江戸東京博物館で開催されている「江戸の園芸」を見に行って思ったことの一つ。

 

バラは展示の最終ステージである第5章に出てくる。もっといえば、数多くの資料が展示されている中、バラは最終章まで登場しない。

最終章には、江戸末期から明治初期にかけての園芸についてまとめた資料が展示してあるのだが、展示数はほかの章に比べると比較にならないくらい少ない。その中で今までの雰囲気をガラリと変えて見せているのはなんといってもバラの存在が大きい。

今でこそ、花の女王として最も知名度の高い花なのに、日本史上、最も園芸文化が盛んだった江戸時代にはバラが表立って愛でられることは末期を迎えるまでなかったのだ。

バラはそもそも日本にも自生している花なのに、なぜこんなにも地味な存在だったのか。

 

それは、江戸時代まではやはり植物も「縁起物」としての役割が大きかったからではないかと思う。

松竹梅に福寿草、長生草、富貴蘭などなど。オモトに至っては微細な違いをも観察し、種々を一覧にするほどの肩入れぶり。これは現在でいう「オタク」文化といっても過言ではないほどのマニアぶりで、奇品園芸といって学ぶことで理解できる価値として武家社会で広がった園芸文化である。

一方、バラはと言えば縁起という点では思い当たる節がない。トゲがあるし、そもそも語源はイバラだから「イバラの道」と聞けば誰でも縁起の良いものを思い浮かべることはないだろう。

 

ところが、黒船来航、鹿鳴館ができて文明開化の幕が明ける頃、西洋文化が一気に押し寄せ、日本人の価値観は一気に変わっていった。

魚が好きでも“カッコいい”からと肉を食べ、着物が着易くても“これが流行り”だからと西洋のドレスを着た。

花も同じ、福寿草やオモトの縁起が良いのは分かっていても、文明開化とともにバラが美しいからとバラを愛でるようになったのではないか。

 

例えばアジサイもバラの類の花ではないかと思う。

「水の器」とか「七変化」「八仙花」「手毬花」「よひら」などあまたの別名を持つアジサイといえども、いずれもとりわけ縁起の良い名前ではない。そもそもアジサイは寺の裏庭などじめじめとした暗くて湿度の高い所に自生するもので、おまけに毒があるとわかっていたとしたら、人々はその姿にめでたさを感じなかったのかもしれない。

 

しかしそのアジサイの美しさに目を付けたドイツ人医師シーボルトはその美しさを見極める目があった。薬草や消臭など、その効能から植物使いが始まったヨーロッパの園芸においても、既に「見て美しい」文化が受け入れられていたからだろう。

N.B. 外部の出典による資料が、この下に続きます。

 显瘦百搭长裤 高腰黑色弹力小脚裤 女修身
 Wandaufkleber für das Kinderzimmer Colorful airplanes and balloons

そして、日本でも文明開化の鐘とともに華やかなバラやアジサイの姿を受け入れられるようになっていく。

 

日本の古来からの食文化を見ても花の文化を見ても、いつの時代も人々は縁起を担いできたように思う。冬至に「ん」の付く物を食べるのは「運が付くように」、柚子風呂に入るのは「融通が利くように」、子どもの日に菖蒲を使うのは、「尚武」に通じることから。挙げてみればきりがない。

 

日本人はいつの時代も自然が不安定で地震や津波、台風、噴火、雷、飢饉など数知れない災害に悩まされてきた。これだけ縁起を担ぐというのは、それだけ日々の平穏な生活に対する神頼み的な機運が強かったということなのかもしれない。